(Records for the task Opens)

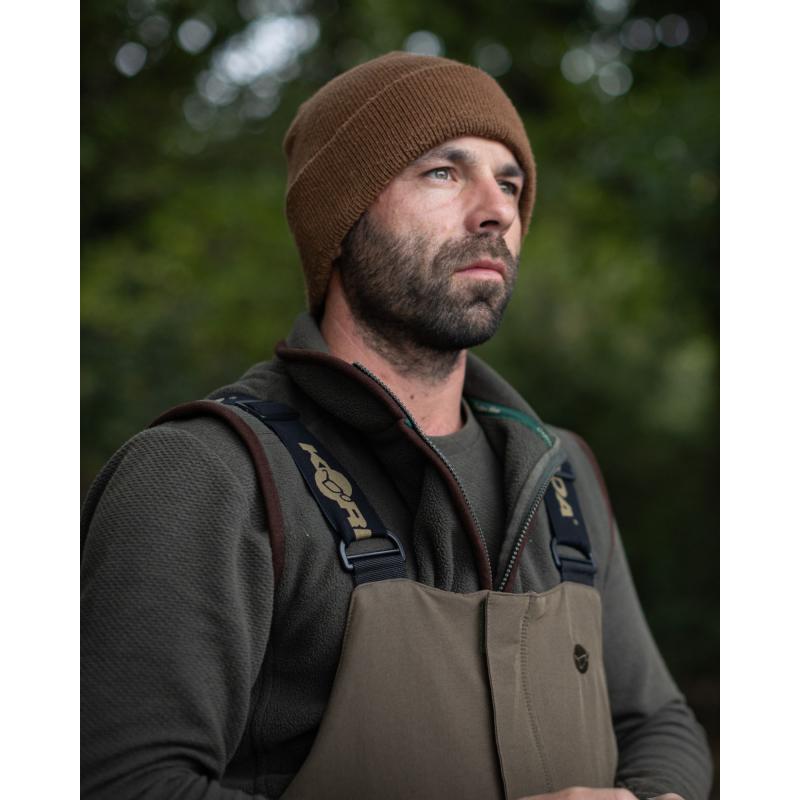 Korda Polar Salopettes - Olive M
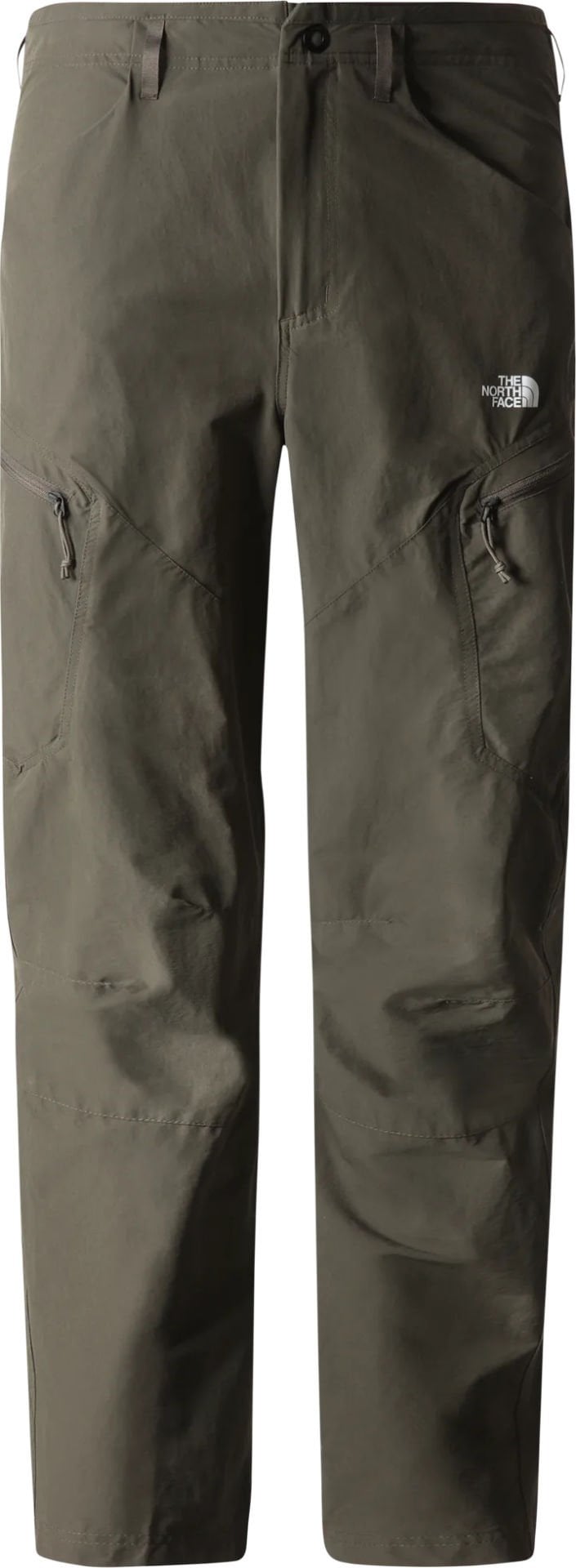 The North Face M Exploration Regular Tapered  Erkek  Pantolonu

(Records for the task Closes)
(Records for the task Opens)

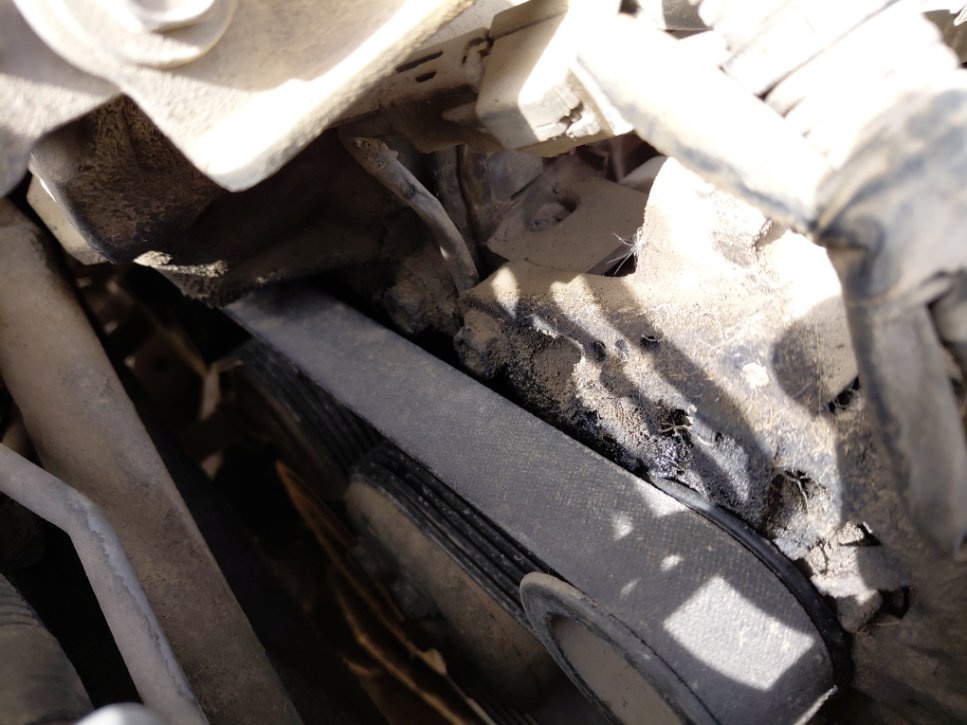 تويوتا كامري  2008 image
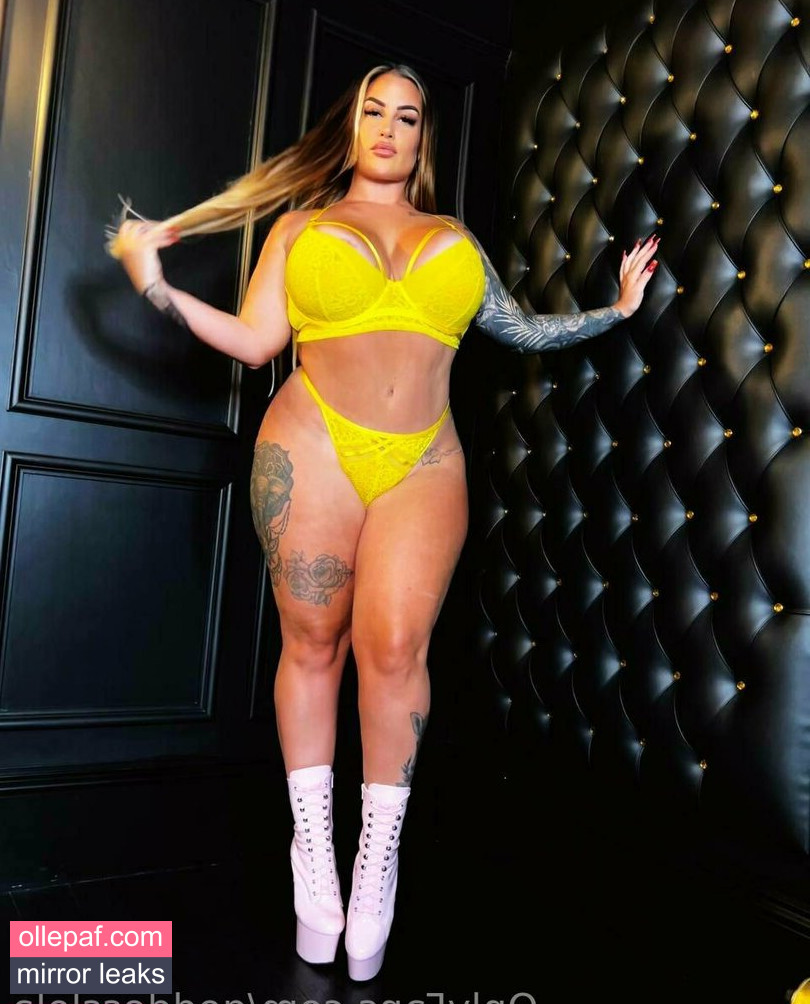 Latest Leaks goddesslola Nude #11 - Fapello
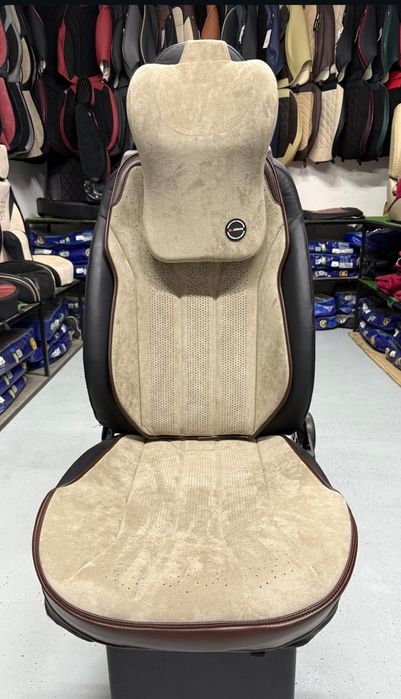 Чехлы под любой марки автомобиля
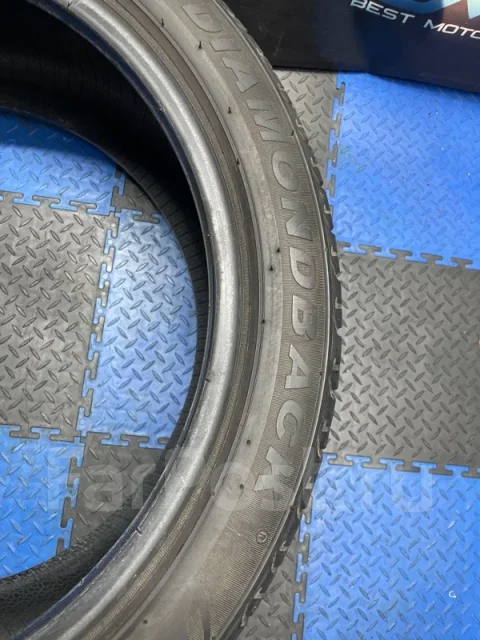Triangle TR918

(Records for the task Closes)
(Records for the task Opens)

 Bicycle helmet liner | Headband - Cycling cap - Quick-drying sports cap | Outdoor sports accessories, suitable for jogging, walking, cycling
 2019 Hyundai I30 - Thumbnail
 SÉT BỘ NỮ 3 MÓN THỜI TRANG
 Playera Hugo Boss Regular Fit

(Records for the task Closes)

# Description of the task
Beginning with the line that contains "Korda Polar Salopettes - Olive M", write out the lines of the material above exactly, and end with the line that contains "The North Face". Omit the pictures.

# Your solution
 Korda Polar Salopettes - Olive M
 The North Face M Exploration Regular Tapered  Erkek  Pantolonu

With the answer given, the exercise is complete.